--- INFORMATION Enclosed Below ---

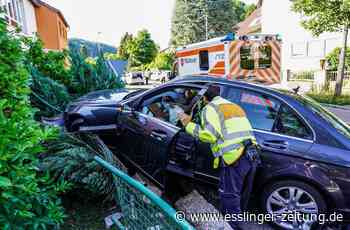 Schwerer Unfall in Reichenbach - 78-Jähriger kracht mit Auto in Grundstücksmauer - esslinger-zeitung.de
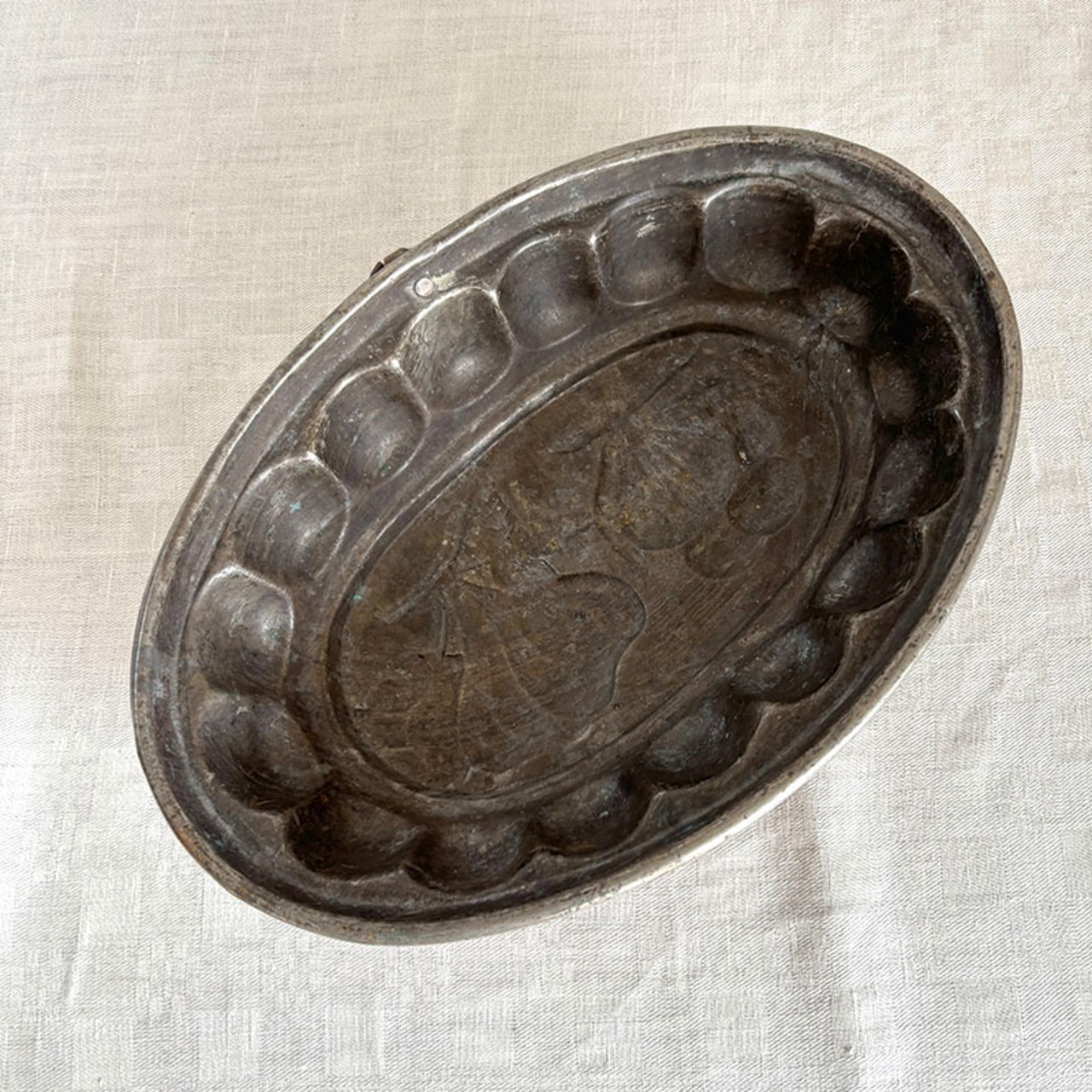 コッパーモールド　お菓子焼型　フルーツ柄大きなオーバル（壁掛けリング付き）  19kwe18-1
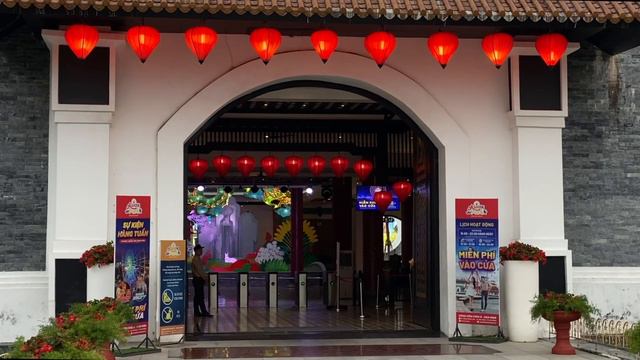 3. Дананг ВЛОГ | Стало плохо в парке аттракционов, МНОГО кофеен, самый ВКУСНЫЙ фобо смотреть онлайн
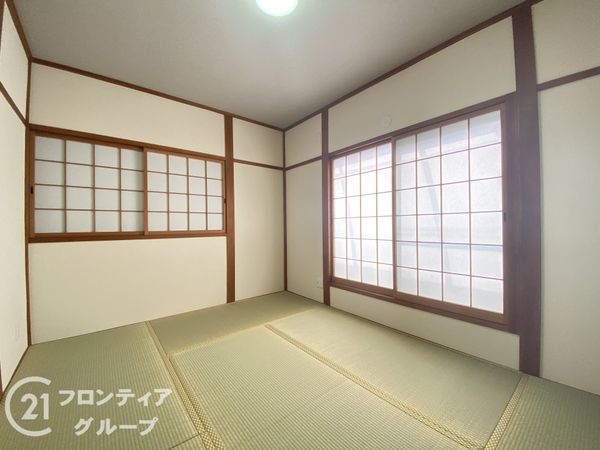 枚方市長尾東町3丁目の中古一戸建て(寝室)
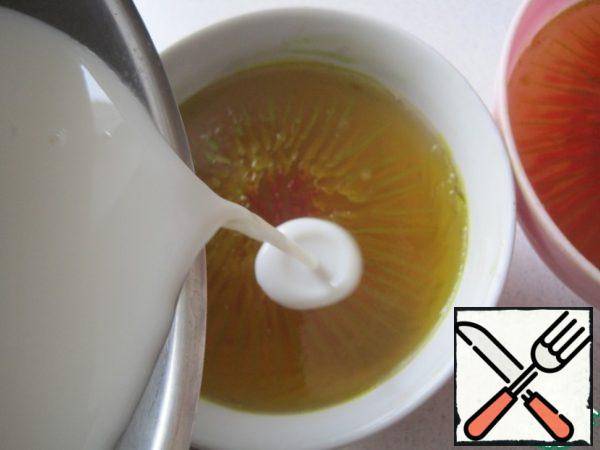 Pour the remaining milk jelly over the chrysanthemum jelly and refrigerate until completely solidified.
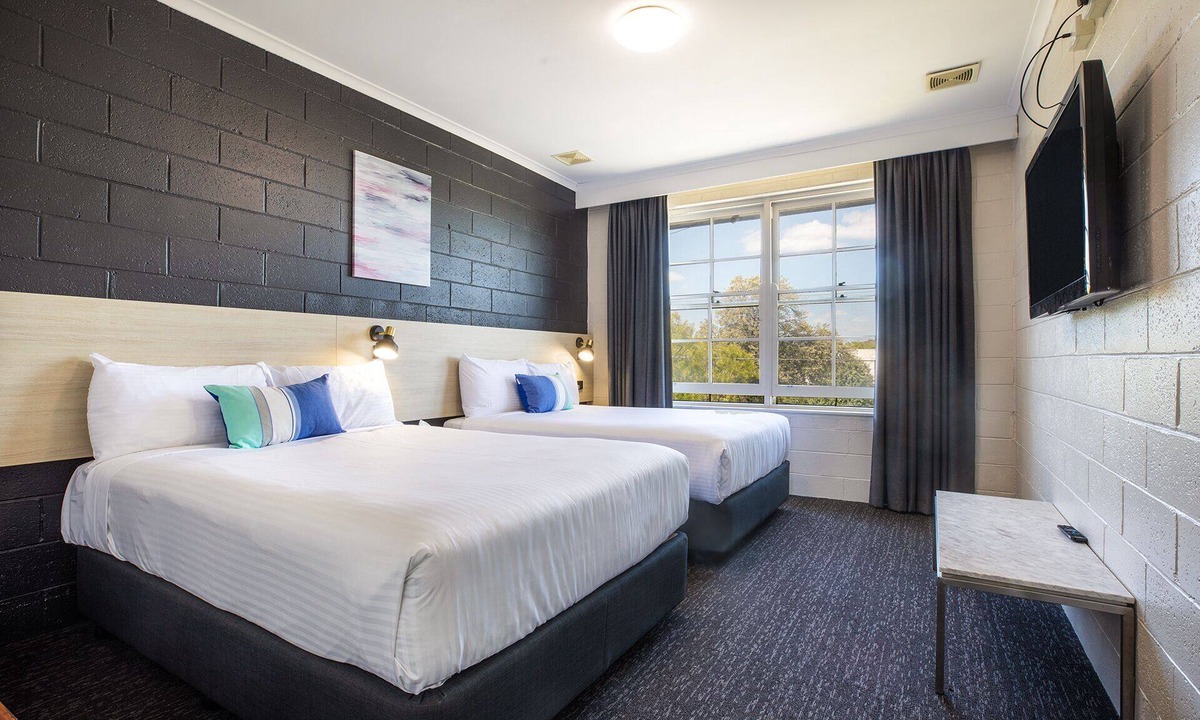 Mulgrave Hotel | The Mulgrave Motel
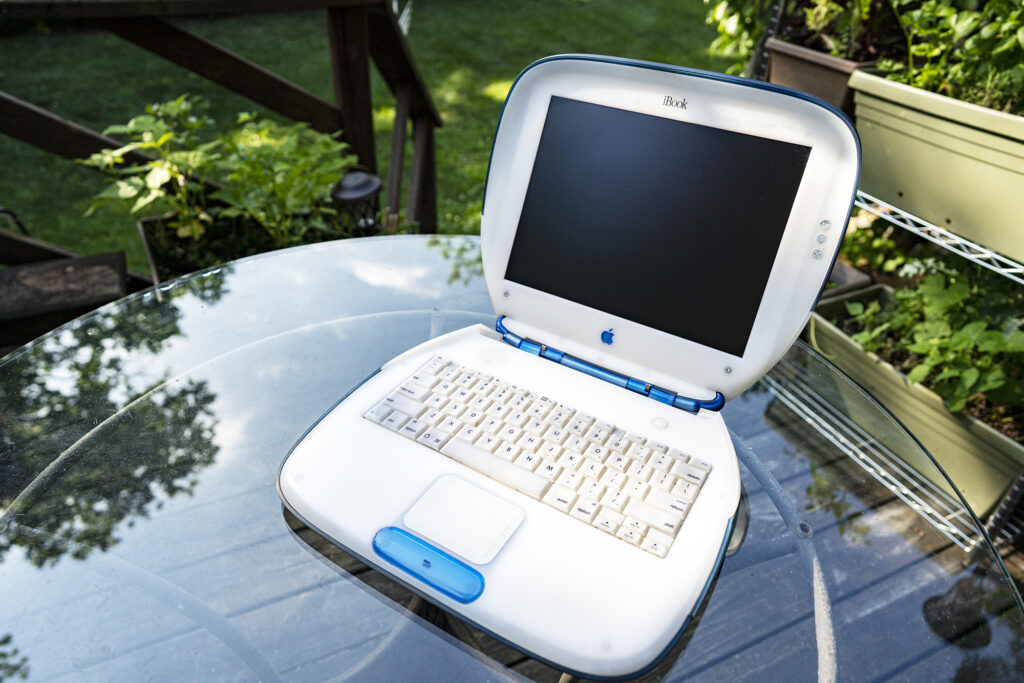 How Apple Made Wi-Fi Popular. This laptop, which you've probably only seen in pictures, pushed Wi-Fi development forward. Image: bhphotovideo.com. Photo.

--- End of Enclosed INFORMATION ---

§ WORK ORDER
Begin at the first line of the entries and end at the line containing "枚方市長尾東町3丁目の中古一戸建て(寝室)": write out each line exactly, skipping pictures.

§ ANSWER FOR THE TASK
 Schwerer Unfall in Reichenbach - 78-Jähriger kracht mit Auto in Grundstücksmauer - esslinger-zeitung.de
 コッパーモールド　お菓子焼型　フルーツ柄大きなオーバル（壁掛けリング付き）  19kwe18-1
 3. Дананг ВЛОГ | Стало плохо в парке аттракционов, МНОГО кофеен, самый ВКУСНЫЙ фобо смотреть онлайн
 枚方市長尾東町3丁目の中古一戸建て(寝室)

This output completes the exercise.